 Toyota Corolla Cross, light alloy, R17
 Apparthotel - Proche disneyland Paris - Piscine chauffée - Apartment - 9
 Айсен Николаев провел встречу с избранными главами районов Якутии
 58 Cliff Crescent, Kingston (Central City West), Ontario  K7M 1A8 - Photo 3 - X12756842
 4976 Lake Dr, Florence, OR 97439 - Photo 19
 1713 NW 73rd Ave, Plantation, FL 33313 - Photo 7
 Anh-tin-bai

• • • • • • •

Skip every line before the one containing "58 Cliff Crescent, Kingston". Retype that line and the rest through the last one exactly as they stand in the listing.

> _THE COMPLETED TASK_
 58 Cliff Crescent, Kingston (Central City West), Ontario  K7M 1A8 - Photo 3 - X12756842
 4976 Lake Dr, Florence, OR 97439 - Photo 19
 1713 NW 73rd Ave, Plantation, FL 33313 - Photo 7
 Anh-tin-bai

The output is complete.